At that time Worth had one single laboratory, used mainly for teaching Physics, “This meant I had to teach in whatever room was available. As the school grew in size and new buildings sprang up, it wasn’t long before I got my own so-called lab which in a previous existence had served as a place for drying timber, then a shooting range”, says Peter.
Peter recalls that pupils generally regarded Biology as the easiest science, whilst Chemistry and Physics were considered pretty dry and difficult, except by those wishing to specialise. But as he explains the subject is important as, “any failure to grasp basic scientific ideas about the structure of the universe, the laws of nature, evolutionary principles and our human origins, too often leads to unjustified assumptions about what we are and where we are heading.”

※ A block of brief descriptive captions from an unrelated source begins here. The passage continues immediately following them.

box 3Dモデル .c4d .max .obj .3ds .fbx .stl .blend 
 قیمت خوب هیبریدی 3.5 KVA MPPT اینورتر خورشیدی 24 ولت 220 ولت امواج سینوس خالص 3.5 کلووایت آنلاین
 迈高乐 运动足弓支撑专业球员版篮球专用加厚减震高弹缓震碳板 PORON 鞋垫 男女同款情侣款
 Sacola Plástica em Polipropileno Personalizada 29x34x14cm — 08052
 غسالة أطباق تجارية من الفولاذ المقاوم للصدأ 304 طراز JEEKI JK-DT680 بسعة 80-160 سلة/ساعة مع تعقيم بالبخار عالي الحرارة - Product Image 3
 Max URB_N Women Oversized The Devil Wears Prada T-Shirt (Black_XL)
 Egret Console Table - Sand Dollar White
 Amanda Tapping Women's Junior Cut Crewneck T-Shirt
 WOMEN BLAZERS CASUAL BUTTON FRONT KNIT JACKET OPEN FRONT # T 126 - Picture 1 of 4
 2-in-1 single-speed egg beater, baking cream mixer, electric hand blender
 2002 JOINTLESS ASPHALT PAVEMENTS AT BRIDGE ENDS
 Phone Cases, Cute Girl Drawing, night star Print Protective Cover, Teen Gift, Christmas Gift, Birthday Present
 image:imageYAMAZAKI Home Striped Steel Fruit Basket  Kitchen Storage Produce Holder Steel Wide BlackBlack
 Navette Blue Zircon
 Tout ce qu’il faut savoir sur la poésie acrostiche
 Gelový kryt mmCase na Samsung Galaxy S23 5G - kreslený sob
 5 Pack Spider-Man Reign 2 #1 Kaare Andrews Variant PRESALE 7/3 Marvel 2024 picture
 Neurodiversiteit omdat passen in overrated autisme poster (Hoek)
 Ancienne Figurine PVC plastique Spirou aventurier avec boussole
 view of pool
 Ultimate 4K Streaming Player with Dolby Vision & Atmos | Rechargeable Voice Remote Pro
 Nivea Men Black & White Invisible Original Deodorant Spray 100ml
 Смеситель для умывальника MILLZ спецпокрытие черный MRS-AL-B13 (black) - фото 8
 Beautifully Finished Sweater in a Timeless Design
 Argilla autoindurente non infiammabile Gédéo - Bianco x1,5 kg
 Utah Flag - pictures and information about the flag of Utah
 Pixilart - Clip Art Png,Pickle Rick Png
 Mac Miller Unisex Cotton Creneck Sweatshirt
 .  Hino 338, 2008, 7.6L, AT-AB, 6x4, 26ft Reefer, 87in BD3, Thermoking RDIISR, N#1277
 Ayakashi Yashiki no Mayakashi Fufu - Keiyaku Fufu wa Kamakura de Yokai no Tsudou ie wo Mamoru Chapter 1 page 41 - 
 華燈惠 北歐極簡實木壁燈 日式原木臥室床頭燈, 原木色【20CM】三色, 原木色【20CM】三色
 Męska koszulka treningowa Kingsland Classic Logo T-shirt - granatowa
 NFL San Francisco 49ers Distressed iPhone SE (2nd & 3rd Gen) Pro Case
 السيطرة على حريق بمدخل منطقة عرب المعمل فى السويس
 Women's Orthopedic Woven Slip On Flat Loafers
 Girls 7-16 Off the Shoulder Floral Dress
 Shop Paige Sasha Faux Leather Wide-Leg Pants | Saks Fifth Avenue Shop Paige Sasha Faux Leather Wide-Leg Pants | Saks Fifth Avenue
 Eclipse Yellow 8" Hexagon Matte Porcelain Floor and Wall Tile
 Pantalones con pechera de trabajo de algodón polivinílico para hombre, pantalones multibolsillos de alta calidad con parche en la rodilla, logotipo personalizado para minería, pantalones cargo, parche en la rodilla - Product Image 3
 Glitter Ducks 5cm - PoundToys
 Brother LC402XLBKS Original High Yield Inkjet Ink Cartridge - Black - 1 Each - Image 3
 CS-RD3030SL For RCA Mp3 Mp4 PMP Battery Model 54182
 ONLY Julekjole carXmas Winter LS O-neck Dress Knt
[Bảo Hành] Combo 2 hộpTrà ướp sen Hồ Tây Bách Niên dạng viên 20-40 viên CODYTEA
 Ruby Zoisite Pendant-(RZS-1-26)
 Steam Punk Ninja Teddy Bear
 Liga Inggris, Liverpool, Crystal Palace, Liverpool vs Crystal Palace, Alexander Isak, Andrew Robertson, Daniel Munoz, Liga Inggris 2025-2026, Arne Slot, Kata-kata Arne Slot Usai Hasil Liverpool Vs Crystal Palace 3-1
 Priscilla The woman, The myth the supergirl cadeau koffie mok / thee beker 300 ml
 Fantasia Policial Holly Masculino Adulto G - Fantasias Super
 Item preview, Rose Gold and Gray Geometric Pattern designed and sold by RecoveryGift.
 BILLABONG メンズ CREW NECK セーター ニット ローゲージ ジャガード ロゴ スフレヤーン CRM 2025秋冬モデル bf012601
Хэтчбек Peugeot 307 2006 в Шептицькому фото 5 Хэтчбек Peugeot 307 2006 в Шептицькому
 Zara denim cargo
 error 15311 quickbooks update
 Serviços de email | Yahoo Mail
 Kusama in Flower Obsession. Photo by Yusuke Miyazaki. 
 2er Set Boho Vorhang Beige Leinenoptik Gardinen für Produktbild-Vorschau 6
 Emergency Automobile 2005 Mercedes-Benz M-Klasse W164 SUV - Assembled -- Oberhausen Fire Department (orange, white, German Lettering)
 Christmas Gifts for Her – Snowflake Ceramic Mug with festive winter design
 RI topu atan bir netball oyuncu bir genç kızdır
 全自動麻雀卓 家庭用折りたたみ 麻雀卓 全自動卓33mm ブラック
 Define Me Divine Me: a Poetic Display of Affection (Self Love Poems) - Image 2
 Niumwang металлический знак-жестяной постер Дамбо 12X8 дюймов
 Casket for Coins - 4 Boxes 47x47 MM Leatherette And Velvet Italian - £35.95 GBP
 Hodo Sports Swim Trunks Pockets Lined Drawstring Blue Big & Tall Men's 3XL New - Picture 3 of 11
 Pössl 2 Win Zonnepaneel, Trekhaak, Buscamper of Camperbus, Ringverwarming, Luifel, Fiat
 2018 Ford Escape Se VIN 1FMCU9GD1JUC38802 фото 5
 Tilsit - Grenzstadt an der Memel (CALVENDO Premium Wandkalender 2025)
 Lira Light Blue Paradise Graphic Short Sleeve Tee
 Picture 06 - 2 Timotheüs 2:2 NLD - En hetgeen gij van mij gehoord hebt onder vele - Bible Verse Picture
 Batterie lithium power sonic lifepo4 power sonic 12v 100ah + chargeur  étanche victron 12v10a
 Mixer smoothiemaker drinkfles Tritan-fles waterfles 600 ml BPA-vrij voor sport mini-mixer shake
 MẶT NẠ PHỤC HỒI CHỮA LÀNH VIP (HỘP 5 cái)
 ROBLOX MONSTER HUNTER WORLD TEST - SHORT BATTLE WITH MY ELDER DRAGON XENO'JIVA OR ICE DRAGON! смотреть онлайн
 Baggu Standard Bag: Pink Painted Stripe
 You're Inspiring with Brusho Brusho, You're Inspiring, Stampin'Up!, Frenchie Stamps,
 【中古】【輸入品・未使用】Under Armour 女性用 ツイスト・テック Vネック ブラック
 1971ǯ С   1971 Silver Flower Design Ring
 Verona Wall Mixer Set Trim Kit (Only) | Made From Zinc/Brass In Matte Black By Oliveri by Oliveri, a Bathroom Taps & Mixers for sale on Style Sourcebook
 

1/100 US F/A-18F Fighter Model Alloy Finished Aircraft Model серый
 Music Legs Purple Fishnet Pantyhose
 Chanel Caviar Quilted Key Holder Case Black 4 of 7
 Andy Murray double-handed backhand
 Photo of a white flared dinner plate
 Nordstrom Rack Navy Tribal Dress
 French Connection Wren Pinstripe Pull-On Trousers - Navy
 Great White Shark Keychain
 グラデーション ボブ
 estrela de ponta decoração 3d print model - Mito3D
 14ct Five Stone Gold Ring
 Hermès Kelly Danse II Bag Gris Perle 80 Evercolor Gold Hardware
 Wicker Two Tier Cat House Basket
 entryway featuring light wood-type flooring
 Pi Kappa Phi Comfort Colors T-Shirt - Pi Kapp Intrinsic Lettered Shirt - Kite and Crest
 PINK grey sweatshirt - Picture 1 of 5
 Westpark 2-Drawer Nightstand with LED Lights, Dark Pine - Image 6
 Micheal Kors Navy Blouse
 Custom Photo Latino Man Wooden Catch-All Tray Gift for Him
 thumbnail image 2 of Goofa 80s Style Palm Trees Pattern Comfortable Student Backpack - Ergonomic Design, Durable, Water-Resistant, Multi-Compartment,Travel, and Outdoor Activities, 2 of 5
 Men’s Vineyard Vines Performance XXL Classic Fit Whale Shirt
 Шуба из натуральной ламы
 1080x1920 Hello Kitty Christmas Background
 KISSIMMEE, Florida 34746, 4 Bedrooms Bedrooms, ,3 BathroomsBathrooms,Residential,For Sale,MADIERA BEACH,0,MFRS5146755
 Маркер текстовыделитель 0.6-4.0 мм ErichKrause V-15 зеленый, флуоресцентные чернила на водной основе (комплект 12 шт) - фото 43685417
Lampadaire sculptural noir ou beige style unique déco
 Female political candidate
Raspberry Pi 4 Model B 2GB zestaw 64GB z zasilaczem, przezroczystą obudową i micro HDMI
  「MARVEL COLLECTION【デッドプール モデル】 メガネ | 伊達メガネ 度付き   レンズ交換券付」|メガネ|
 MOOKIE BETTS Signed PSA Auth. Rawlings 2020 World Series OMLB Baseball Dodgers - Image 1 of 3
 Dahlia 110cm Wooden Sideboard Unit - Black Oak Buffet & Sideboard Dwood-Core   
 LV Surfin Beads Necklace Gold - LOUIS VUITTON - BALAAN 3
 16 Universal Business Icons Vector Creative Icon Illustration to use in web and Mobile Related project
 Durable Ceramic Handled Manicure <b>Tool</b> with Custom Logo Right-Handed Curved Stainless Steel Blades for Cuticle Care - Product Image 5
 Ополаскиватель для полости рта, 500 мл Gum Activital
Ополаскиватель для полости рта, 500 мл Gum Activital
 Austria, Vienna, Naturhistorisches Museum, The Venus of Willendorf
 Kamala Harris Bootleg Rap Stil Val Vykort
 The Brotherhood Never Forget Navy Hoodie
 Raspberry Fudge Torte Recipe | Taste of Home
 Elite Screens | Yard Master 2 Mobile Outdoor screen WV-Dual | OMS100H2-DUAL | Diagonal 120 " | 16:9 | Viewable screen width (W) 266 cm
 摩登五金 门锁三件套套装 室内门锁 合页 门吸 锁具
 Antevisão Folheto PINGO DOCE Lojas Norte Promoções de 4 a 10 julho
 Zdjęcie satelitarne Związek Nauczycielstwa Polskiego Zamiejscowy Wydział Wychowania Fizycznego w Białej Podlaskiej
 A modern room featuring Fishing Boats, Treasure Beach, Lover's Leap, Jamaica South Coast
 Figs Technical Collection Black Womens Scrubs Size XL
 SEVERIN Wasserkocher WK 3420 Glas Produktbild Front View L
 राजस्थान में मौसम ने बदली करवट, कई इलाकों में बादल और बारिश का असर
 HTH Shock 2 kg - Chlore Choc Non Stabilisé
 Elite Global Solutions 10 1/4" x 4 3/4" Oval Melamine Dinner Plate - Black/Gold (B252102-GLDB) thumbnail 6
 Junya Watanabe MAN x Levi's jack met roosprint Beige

Peter goes on to say, “As a teacher, my fascination with nature, its ability to delight, amaze and reward closer observation, was something I hoped to convey to pupils. Another important reason for teaching Biology is to instil in the young a respect for all life; human, animal and plant; green plants producing most of the oxygen with breathe.”
Peter retired from Worth in 1999 but says it was a privilege and pleasure to teach a long line of “splendid boys aiming high and determined to make the world a better place”. Over his career Peter has taught enough Worthian medics to open a hospital, including a heart surgeon, two pioneers of keyhole surgery; several innovators, one of whom set up his own factory to design and build medical apparatus; a handful of vets, including a passionately humane top equine vet who has worked tirelessly to improve the lot of race horses; a botanist who is Director of Dublin’s Glasnevin Gardens, Ireland’s answer to Kew Gardens; and, a Worthian who although not a medic, took A-level zoology and became Chairman of Brighton & Sussex Hospitals NHS Trust for 7 years.
Peter is now 84 and looks after his wife of 57 years, Anne. If it’s fine you’ll find him in his garden, if it’s wet he’ll be writing his second volume of poems Time for a Rhyme, about people, animals and plants – proceeds going towards the maintenance of Ashdown Forest.